## TASK DIRECTIONS
Transcribe every line of the material below exactly, leaving out the pictures.

## GIVEN INFORMATION
____

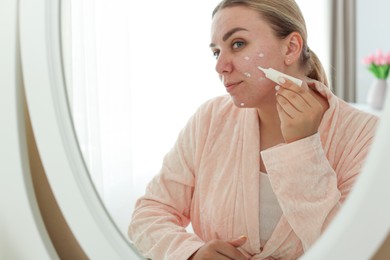 Photo of Woman applying cream onto face near mirror indoors. Acne treatment
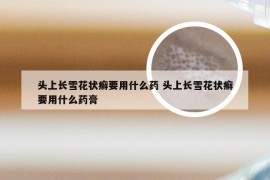 头上长雪花状癣要用什么药 头上长雪花状癣要用什么药膏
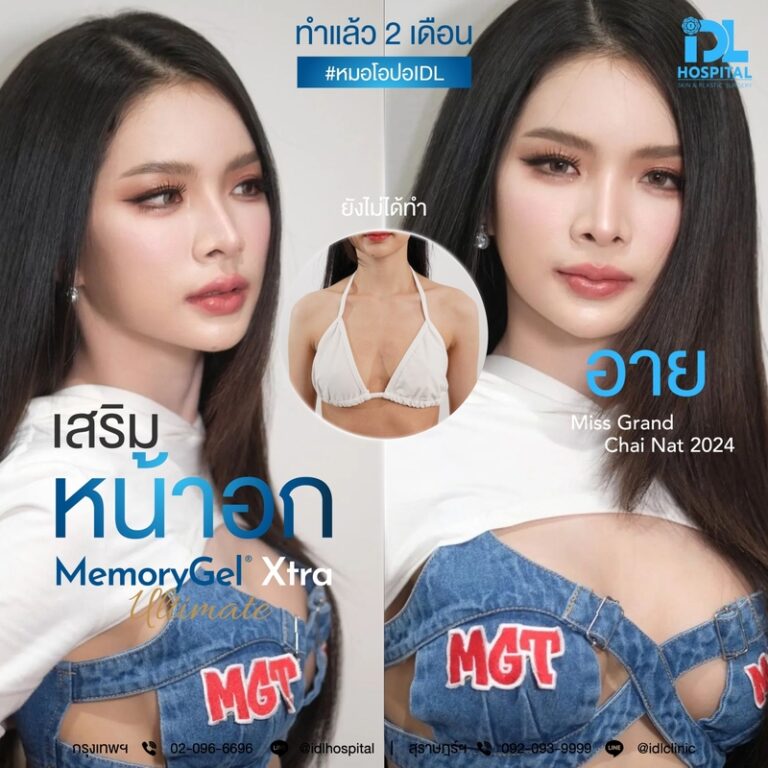 รีวิว เสริมหน้าอก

____

## WORKED SOLUTION
 Photo of Woman applying cream onto face near mirror indoors. Acne treatment
 头上长雪花状癣要用什么药 头上长雪花状癣要用什么药膏
 รีวิว เสริมหน้าอก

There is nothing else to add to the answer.